Make yourself familiar with the function ``train_test_split`` from the module ``sklearn.model_selection``. Use this function to split the data set into training and test set.

In [None]:
from sklearn.model_selection import train_test_split

In [None]:
X_train, X_test, t_train, t_test = train_test_split(data.data, data.target)

In [None]:
X_train.shape

In [None]:
X_test.shape

Define a neural network and use the training data set to train it. Note the lengths of input and output vector when defining the network structure.

In [None]:
from torch.utils.data import TensorDataset
import torch
from torch.utils.data import DataLoader

In [None]:
dataset_train = TensorDataset(torch.from_numpy(X_train), torch.from_numpy(t_train))

In [None]:
data_loader = DataLoader(dataset=dataset_train, batch_size=10, shuffle=True)

In [None]:
from torch import nn

In [None]:
loss_fn = nn.BCELoss()

In [None]:
from torch.nn import functional as F

class MLP(nn.Module):
    def __init__( self ):
        super( MLP, self ).__init__()
        self.fc1 = nn.Linear( 30, 50 )
        self.fc2 = nn.Linear( 50, 20 )
        self.fc3 = nn.Linear( 20, 5 )
        self.fc4 = nn.Linear( 5, 1 )
        
    def forward( self, x ):
        x = F.relu( self.fc1( x ) )
        x = F.relu( self.fc2( x ) )
        x = F.relu( self.fc3( x ) )
        x = torch.sigmoid( self.fc4( x ) )
        return x

In [None]:
model = MLP()

In [None]:
import torch.optim as optim
optimizer = optim.Adam(model.parameters(), lr=0.001)

In [None]:
import matplotlib.pyplot as plt
from IPython import display
%matplotlib inline

loss_history = []
loss_ep = []
plt.figure(figsize = (12,8));

In [None]:
num_epochs = 30

In [None]:
for epoch in range(num_epochs):
    for batch in data_loader :
        optimizer.zero_grad()
        input, target = batch
        output = model(input.float())
        loss = loss_fn(output, torch.unsqueeze(target.float(), 1))
        loss.backward()
        optimizer.step()
        loss_ep.append(loss.item())
    
    ## Zu Visualisierungszwecken:
    loss_history.append(mean(loss_ep))
    plt.plot(loss_history)
    display.clear_output(wait=True)
    display.display(plt.gcf())
    display.display(print("Epoch {:2}, loss: {}".format(epoch, loss_history[-1])))
    loss_ep = []

Use ``scikit-learn`` to create a *classification report*, based on which you can evaluate your model.

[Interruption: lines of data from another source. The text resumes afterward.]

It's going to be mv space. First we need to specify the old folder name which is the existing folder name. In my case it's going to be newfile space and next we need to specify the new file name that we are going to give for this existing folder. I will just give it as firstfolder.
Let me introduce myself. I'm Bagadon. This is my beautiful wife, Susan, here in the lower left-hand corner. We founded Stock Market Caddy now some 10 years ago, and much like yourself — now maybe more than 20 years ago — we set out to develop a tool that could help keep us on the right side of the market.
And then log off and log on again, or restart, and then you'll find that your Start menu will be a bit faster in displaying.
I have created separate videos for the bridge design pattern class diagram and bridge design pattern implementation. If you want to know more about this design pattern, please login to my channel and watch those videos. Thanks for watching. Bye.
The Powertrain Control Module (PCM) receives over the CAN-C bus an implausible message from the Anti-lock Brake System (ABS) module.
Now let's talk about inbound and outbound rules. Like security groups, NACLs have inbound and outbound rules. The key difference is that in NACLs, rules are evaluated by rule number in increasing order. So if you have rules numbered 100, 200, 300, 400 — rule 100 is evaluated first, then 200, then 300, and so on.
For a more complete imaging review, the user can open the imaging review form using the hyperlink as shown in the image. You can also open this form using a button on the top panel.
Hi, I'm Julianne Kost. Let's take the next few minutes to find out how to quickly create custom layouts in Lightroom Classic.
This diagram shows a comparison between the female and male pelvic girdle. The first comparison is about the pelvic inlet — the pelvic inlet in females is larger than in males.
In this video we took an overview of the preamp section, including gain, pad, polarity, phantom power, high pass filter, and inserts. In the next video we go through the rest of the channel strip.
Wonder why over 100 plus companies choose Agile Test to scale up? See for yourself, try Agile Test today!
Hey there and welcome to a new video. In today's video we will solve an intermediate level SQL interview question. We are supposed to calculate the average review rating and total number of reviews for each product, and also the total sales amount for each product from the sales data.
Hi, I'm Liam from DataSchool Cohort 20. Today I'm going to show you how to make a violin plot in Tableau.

To do this, first compute the ouput vector using your neural network for the input vectors of the test data set.

**Note:** ``torch.from_numpy`` creates a tensor from a *NumPy* array, which is the data structure of the test data sets. Also, you need to convert the input vector into a ``FloatTensor``.

For *classification report* you need to convert the floating point numbers from the output vector (resulting from the ``sigmoid`` activation function) to integer values.

In [None]:
y_test = model(torch.from_numpy(X_test).float())

In [None]:
import sklearn.metrics as metrics

In [None]:
print(metrics.classification_report(t_test, torch.round(y_test).int()))

In [None]:
print(metrics.confusion_matrix(t_test, torch.round(y_test).int()))